#### [What the exercise asks]
Set down the whole listing verbatim.

-=-=-

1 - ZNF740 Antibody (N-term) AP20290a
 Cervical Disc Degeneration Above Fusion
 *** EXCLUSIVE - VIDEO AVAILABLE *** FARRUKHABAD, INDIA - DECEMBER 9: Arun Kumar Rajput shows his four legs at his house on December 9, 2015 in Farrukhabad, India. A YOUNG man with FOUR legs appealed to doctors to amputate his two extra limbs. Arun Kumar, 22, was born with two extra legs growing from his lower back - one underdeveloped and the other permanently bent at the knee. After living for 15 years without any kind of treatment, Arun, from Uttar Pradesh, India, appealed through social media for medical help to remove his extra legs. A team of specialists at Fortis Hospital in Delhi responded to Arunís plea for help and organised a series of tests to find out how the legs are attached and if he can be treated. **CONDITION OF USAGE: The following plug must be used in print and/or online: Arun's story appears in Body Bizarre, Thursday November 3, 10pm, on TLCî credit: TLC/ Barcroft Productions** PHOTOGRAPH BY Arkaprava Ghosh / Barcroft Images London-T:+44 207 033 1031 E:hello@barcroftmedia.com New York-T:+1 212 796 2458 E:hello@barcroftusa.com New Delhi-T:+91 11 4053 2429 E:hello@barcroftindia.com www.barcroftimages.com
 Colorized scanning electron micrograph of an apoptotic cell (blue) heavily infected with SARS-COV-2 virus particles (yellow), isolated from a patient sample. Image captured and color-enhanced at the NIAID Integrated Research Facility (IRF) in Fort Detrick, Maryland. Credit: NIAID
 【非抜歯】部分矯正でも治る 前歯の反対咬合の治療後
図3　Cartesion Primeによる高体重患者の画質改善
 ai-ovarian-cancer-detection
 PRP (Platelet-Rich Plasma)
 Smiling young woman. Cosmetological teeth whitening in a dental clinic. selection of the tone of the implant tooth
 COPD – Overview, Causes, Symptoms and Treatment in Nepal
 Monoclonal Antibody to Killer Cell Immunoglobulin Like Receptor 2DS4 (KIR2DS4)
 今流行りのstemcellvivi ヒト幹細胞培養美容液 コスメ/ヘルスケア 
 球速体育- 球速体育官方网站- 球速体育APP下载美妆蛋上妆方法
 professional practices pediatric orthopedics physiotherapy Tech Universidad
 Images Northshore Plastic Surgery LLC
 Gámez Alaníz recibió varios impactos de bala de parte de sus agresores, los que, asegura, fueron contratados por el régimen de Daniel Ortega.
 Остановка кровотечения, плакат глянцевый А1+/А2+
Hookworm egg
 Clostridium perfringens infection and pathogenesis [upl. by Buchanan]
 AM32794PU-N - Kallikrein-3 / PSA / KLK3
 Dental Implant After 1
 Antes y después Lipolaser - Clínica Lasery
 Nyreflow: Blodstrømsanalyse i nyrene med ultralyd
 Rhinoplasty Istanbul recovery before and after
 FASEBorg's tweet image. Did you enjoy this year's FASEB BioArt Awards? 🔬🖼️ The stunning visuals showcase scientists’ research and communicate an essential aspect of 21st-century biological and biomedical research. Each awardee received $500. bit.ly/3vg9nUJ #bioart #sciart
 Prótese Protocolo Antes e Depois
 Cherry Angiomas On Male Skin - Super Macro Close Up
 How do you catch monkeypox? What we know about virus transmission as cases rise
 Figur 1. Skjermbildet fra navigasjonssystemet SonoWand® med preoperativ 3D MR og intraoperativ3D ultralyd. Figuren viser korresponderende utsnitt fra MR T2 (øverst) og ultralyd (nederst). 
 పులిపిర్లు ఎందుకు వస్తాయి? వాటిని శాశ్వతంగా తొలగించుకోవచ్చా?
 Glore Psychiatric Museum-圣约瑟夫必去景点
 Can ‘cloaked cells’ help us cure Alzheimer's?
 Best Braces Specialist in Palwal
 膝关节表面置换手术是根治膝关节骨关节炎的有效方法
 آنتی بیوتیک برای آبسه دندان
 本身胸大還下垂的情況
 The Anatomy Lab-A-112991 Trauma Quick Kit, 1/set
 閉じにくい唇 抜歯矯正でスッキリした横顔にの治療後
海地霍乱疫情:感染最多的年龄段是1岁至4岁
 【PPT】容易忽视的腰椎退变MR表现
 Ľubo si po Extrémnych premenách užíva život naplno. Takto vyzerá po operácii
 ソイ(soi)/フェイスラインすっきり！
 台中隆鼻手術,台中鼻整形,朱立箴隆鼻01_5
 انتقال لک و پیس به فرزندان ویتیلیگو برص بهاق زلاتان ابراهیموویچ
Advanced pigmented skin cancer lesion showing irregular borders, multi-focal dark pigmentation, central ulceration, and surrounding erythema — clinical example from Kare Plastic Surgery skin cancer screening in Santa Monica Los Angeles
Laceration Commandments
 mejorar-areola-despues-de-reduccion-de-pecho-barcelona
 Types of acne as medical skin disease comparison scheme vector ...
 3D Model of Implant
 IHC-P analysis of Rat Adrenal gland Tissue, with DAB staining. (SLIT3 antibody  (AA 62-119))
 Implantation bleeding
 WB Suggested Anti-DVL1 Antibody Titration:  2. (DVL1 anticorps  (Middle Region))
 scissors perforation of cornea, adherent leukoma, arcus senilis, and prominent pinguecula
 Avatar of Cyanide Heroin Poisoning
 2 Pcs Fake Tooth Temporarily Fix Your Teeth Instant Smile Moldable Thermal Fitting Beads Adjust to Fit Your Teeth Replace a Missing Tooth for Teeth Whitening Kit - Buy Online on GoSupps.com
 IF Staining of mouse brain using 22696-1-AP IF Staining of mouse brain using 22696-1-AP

-=-=-

#### [Reply to the task]
1 - ZNF740 Antibody (N-term) AP20290a
 Cervical Disc Degeneration Above Fusion
 *** EXCLUSIVE - VIDEO AVAILABLE *** FARRUKHABAD, INDIA - DECEMBER 9: Arun Kumar Rajput shows his four legs at his house on December 9, 2015 in Farrukhabad, India. A YOUNG man with FOUR legs appealed to doctors to amputate his two extra limbs. Arun Kumar, 22, was born with two extra legs growing from his lower back - one underdeveloped and the other permanently bent at the knee. After living for 15 years without any kind of treatment, Arun, from Uttar Pradesh, India, appealed through social media for medical help to remove his extra legs. A team of specialists at Fortis Hospital in Delhi responded to Arunís plea for help and organised a series of tests to find out how the legs are attached and if he can be treated. **CONDITION OF USAGE: The following plug must be used in print and/or online: Arun's story appears in Body Bizarre, Thursday November 3, 10pm, on TLCî credit: TLC/ Barcroft Productions** PHOTOGRAPH BY Arkaprava Ghosh / Barcroft Images London-T:+44 207 033 1031 E:hello@barcroftmedia.com New York-T:+1 212 796 2458 E:hello@barcroftusa.com New Delhi-T:+91 11 4053 2429 E:hello@barcroftindia.com www.barcroftimages.com
 Colorized scanning electron micrograph of an apoptotic cell (blue) heavily infected with SARS-COV-2 virus particles (yellow), isolated from a patient sample. Image captured and color-enhanced at the NIAID Integrated Research Facility (IRF) in Fort Detrick, Maryland. Credit: NIAID
 【非抜歯】部分矯正でも治る 前歯の反対咬合の治療後
図3　Cartesion Primeによる高体重患者の画質改善
 ai-ovarian-cancer-detection
 PRP (Platelet-Rich Plasma)
 Smiling young woman. Cosmetological teeth whitening in a dental clinic. selection of the tone of the implant tooth
 COPD – Overview, Causes, Symptoms and Treatment in Nepal
 Monoclonal Antibody to Killer Cell Immunoglobulin Like Receptor 2DS4 (KIR2DS4)
 今流行りのstemcellvivi ヒト幹細胞培養美容液 コスメ/ヘルスケア 
 球速体育- 球速体育官方网站- 球速体育APP下载美妆蛋上妆方法
 professional practices pediatric orthopedics physiotherapy Tech Universidad
 Images Northshore Plastic Surgery LLC
 Gámez Alaníz recibió varios impactos de bala de parte de sus agresores, los que, asegura, fueron contratados por el régimen de Daniel Ortega.
 Остановка кровотечения, плакат глянцевый А1+/А2+
Hookworm egg
 Clostridium perfringens infection and pathogenesis [upl. by Buchanan]
 AM32794PU-N - Kallikrein-3 / PSA / KLK3
 Dental Implant After 1
 Antes y después Lipolaser - Clínica Lasery
 Nyreflow: Blodstrømsanalyse i nyrene med ultralyd
 Rhinoplasty Istanbul recovery before and after
 FASEBorg's tweet image. Did you enjoy this year's FASEB BioArt Awards? 🔬🖼️ The stunning visuals showcase scientists’ research and communicate an essential aspect of 21st-century biological and biomedical research. Each awardee received $500. bit.ly/3vg9nUJ #bioart #sciart
 Prótese Protocolo Antes e Depois
 Cherry Angiomas On Male Skin - Super Macro Close Up
 How do you catch monkeypox? What we know about virus transmission as cases rise
 Figur 1. Skjermbildet fra navigasjonssystemet SonoWand® med preoperativ 3D MR og intraoperativ3D ultralyd. Figuren viser korresponderende utsnitt fra MR T2 (øverst) og ultralyd (nederst). 
 పులిపిర్లు ఎందుకు వస్తాయి? వాటిని శాశ్వతంగా తొలగించుకోవచ్చా?
 Glore Psychiatric Museum-圣约瑟夫必去景点
 Can ‘cloaked cells’ help us cure Alzheimer's?
 Best Braces Specialist in Palwal
 膝关节表面置换手术是根治膝关节骨关节炎的有效方法
 آنتی بیوتیک برای آبسه دندان
 本身胸大還下垂的情況
 The Anatomy Lab-A-112991 Trauma Quick Kit, 1/set
 閉じにくい唇 抜歯矯正でスッキリした横顔にの治療後
海地霍乱疫情:感染最多的年龄段是1岁至4岁
 【PPT】容易忽视的腰椎退变MR表现
 Ľubo si po Extrémnych premenách užíva život naplno. Takto vyzerá po operácii
 ソイ(soi)/フェイスラインすっきり！
 台中隆鼻手術,台中鼻整形,朱立箴隆鼻01_5
 انتقال لک و پیس به فرزندان ویتیلیگو برص بهاق زلاتان ابراهیموویچ
Advanced pigmented skin cancer lesion showing irregular borders, multi-focal dark pigmentation, central ulceration, and surrounding erythema — clinical example from Kare Plastic Surgery skin cancer screening in Santa Monica Los Angeles
Laceration Commandments
 mejorar-areola-despues-de-reduccion-de-pecho-barcelona
 Types of acne as medical skin disease comparison scheme vector ...
 3D Model of Implant
 IHC-P analysis of Rat Adrenal gland Tissue, with DAB staining. (SLIT3 antibody  (AA 62-119))
 Implantation bleeding
 WB Suggested Anti-DVL1 Antibody Titration:  2. (DVL1 anticorps  (Middle Region))
 scissors perforation of cornea, adherent leukoma, arcus senilis, and prominent pinguecula
 Avatar of Cyanide Heroin Poisoning
 2 Pcs Fake Tooth Temporarily Fix Your Teeth Instant Smile Moldable Thermal Fitting Beads Adjust to Fit Your Teeth Replace a Missing Tooth for Teeth Whitening Kit - Buy Online on GoSupps.com
 IF Staining of mouse brain using 22696-1-AP IF Staining of mouse brain using 22696-1-AP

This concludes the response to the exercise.